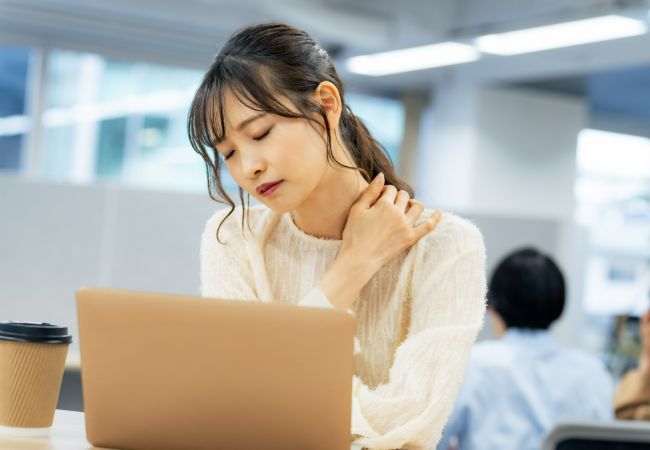肩の痛みを感じる女性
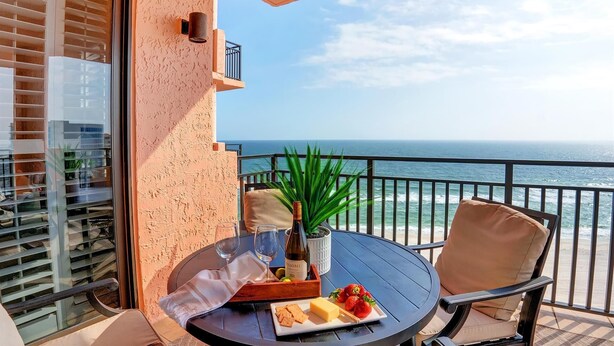 A balcony with a table set for two, featuring a bottle of wine, strawberries, cheese, and crackers.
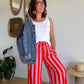 Pantalon fluide rayé orange et rose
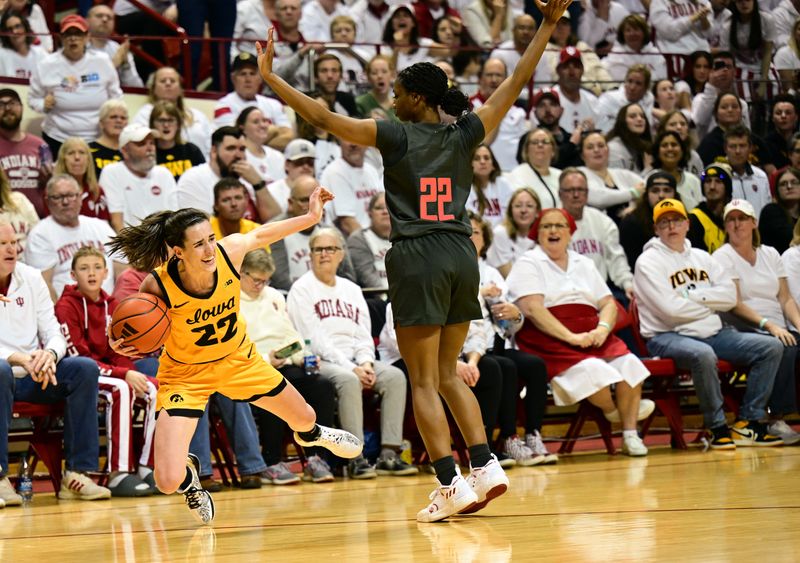 Feb 22, 2024; Bloomington, Indiana, USA; Iowa Hawkeyes guard Caitlin Clark (22) falls while looking for a teammate around Indiana Hoosiers guard Chloe Moore-McNeil (22) during the first quarter at Simon Skjodt Assembly Hall. Mandatory Credit: Marc Lebryk-USA TODAY Sports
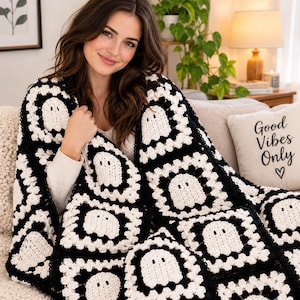 May include: A handmade crochet blanket featuring a repeating pattern of white ghost motifs on black and white granny squares. The blanket is constructed from individual square blocks joined together, creating a textured, repeating design.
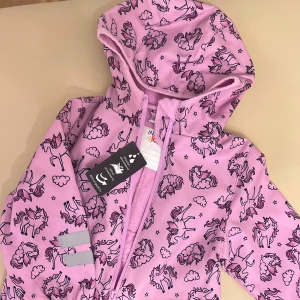 Rosa barn overall  - Storlek 92/98 oanvänd 
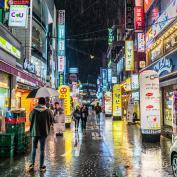 Image of a Korean city in the rain at night, with neon signs and people walkign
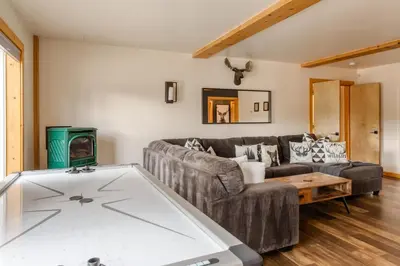 a living room with a couch and a table at The Modern Moose Lodge in Truckee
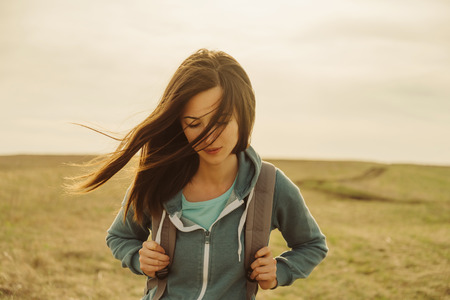 Beautiful young woman with backpack walking on meadow. Portrait of hiker girl outdoorの写真素材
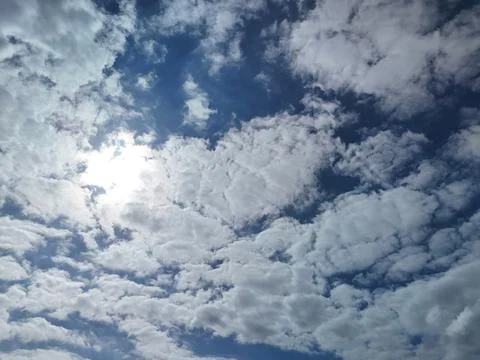 Sun Behind Clouds in Blue Sky with Cloud Texture Stock Photos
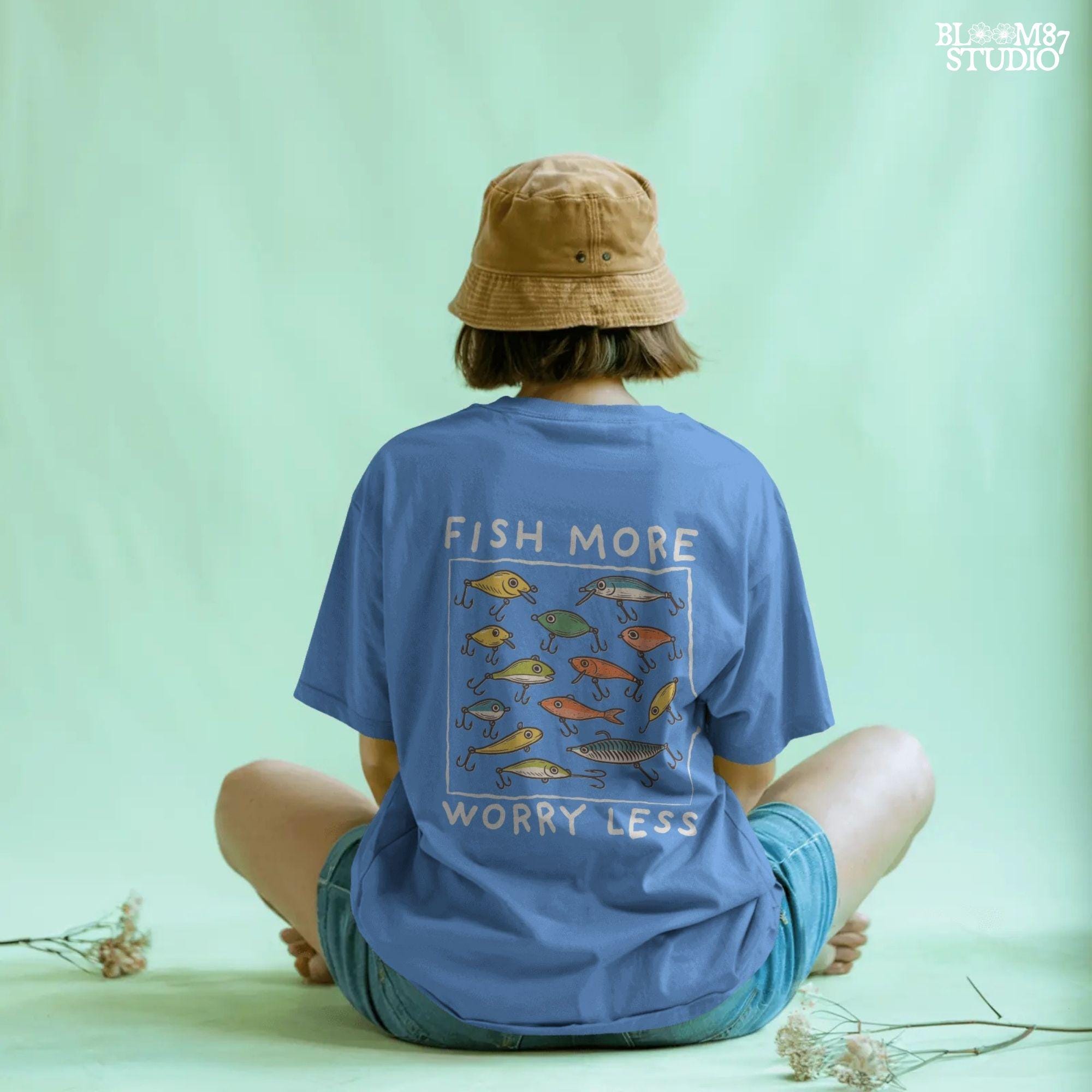 Hand-drawn vintage fishing lures with “Fish More Worry Less” quote in rustic outdoor style, colorful PNG for sublimation.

◆ ◆ ◆ ◆ ◆ ◆ ◆

Task directions: The entire listing above is to be copied exactly, with all pictures omitted.

Result below:
肩の痛みを感じる女性
 A balcony with a table set for two, featuring a bottle of wine, strawberries, cheese, and crackers.
 Pantalon fluide rayé orange et rose
 Feb 22, 2024; Bloomington, Indiana, USA; Iowa Hawkeyes guard Caitlin Clark (22) falls while looking for a teammate around Indiana Hoosiers guard Chloe Moore-McNeil (22) during the first quarter at Simon Skjodt Assembly Hall. Mandatory Credit: Marc Lebryk-USA TODAY Sports
 May include: A handmade crochet blanket featuring a repeating pattern of white ghost motifs on black and white granny squares. The blanket is constructed from individual square blocks joined together, creating a textured, repeating design.
 Rosa barn overall  - Storlek 92/98 oanvänd 
 Image of a Korean city in the rain at night, with neon signs and people walkign
 a living room with a couch and a table at The Modern Moose Lodge in Truckee
 Beautiful young woman with backpack walking on meadow. Portrait of hiker girl outdoorの写真素材
 Sun Behind Clouds in Blue Sky with Cloud Texture Stock Photos
 Hand-drawn vintage fishing lures with “Fish More Worry Less” quote in rustic outdoor style, colorful PNG for sublimation.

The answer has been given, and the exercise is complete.